I've been reading this blog lately, so felt a keen awareness of everything that seems to be at stake here. I'm also keenly aware that I can in no be way objective about this show--there is something about seeing the heart and soul and guts of your city spilled in front of a national audience that precludes any sort of objective appraisal. And so much has been said and written about the premiere already, here and here and here, and so many other places, so much more eloquently and knowledgably than I ever could manage. But what's been going through my mind the last few days is what a stark contrast this show is to the one that aired a couple of years ago. Both K-ville and Treme can be thought of as having a similar purpose--to pay homage to a town and its people, to tell the story and profess a set of feelings--but one is like bad, pre-pubescent poetry, while the other is an aria, or a sonnet or symphony. Both hope to obtain the same objective, but only one manages to do so effectively.

The other day someone--someone from out of town--asked me if I liked the show. What could I say? That I absolutely and ecstatically fucking loved it, that I stood rooted to my spot in the bar for 90 minutes and hardly blinked or breathed, except during the scenes when we all danced and sang along to our favorite riffs or when a little sob of grief and shock escaped me while I watched John Goodman bring a little piece of Ashley Morris to the national stage? That being in that room with all of those people and that energy and watching this act of love unfold, so reverently, with such grace and nuance, made me want to get down on my knees on the sidewalk on our way back to the car and thank whatever god I don't believe in for bringing me to this place, for letting me be a part of this place, for leading me to this city I call home.

Yes, I told her. I really, really loved it. But, I also cautioned, I'm probably not very objective.

Tuesday, April 6, 2010

Zest for Life

I read this article with great interest as I sipped my morning coffee, marveling yet again at the journalist prowess of our veteran T-P writers. Shelia Stroup never fails to capture that perfect, heartwarming story, writing incessantly and with seemingly unwavering enthusiasm about that person-who-seems-familiar-but-you've-never-actually-met-them--those stories that really make you want to clean off the front porch and plop down in that old rocking chair and pass the time with a tall glass o' lemonade. She writes about the Everyman with a style that is unmistakable, and the folks in her stories always tread that fine line between offbeat and just plain fucking nuts. Perhaps, given her penchant for these pieces, Ms. Stroup is just plain fucking nuts herself? Ah, but let's save that for another post.

That article really got me thinking, particularly this part:

One of their favorite chickens was a little bantam rooster named Que who walked into their lives in August 2008. His top beak had been clipped so far back that when he tried to drink, bubbles would come out of his eyes. His neck had been broken and he was covered with lice when they found him wandering a couple of blocks from their house.

They didn't think he'd live a week, but they just lost him three weeks ago.

"He was an inspiration to a lot of people," Katrina says. "He really, really had a zest for life."

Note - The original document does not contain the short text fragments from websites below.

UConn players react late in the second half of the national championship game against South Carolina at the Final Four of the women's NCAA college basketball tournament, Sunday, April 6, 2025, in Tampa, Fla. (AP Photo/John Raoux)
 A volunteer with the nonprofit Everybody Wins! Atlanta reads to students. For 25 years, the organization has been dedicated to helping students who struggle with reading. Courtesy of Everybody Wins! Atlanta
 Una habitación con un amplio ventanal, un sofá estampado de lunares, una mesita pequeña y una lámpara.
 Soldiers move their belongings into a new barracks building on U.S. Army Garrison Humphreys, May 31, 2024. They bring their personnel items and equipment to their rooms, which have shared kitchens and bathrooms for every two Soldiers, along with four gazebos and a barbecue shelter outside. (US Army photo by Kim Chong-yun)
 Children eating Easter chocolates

My friend Holly called attention to the conundrum presented herein: that is, "how can one differentiate between a chicken with a zest for life and a chicken who thinks life sucks?" How, indeed. I've been thinking about this all day.*

The problem, of course, is not just that chickens cannot speak, and therefore pronounce their zest, nor the fact that they are not capable of exclamations of joy that might indicate zest--the problem is really that most chickens, by their very mannerisms, seem zestful. Have you ever watched a chicken? They strut, they squawk, they flutter their wings in a prelude to flight that seems, at least superficially, to indicate excitement. So how does one detect zest-for-life in these enigmatic creatures? May I offer a few suggestions?

* Gets invited to more parties (H/T mom)

* Caught reading Walt Whitman in the backyard

* Vigorous pecking

* 30 minutes of calisthenics every morning

* Enjoys the occasional cigarette

* Always has dessert first

* Seen leading other chickens in a rousing rendition of "Tomorrow"

What else? Anyone have any other suggestions of what to look for when trying to detect that chicken-in-the-rough?

* Yes, this is what I do with my mind on my days off.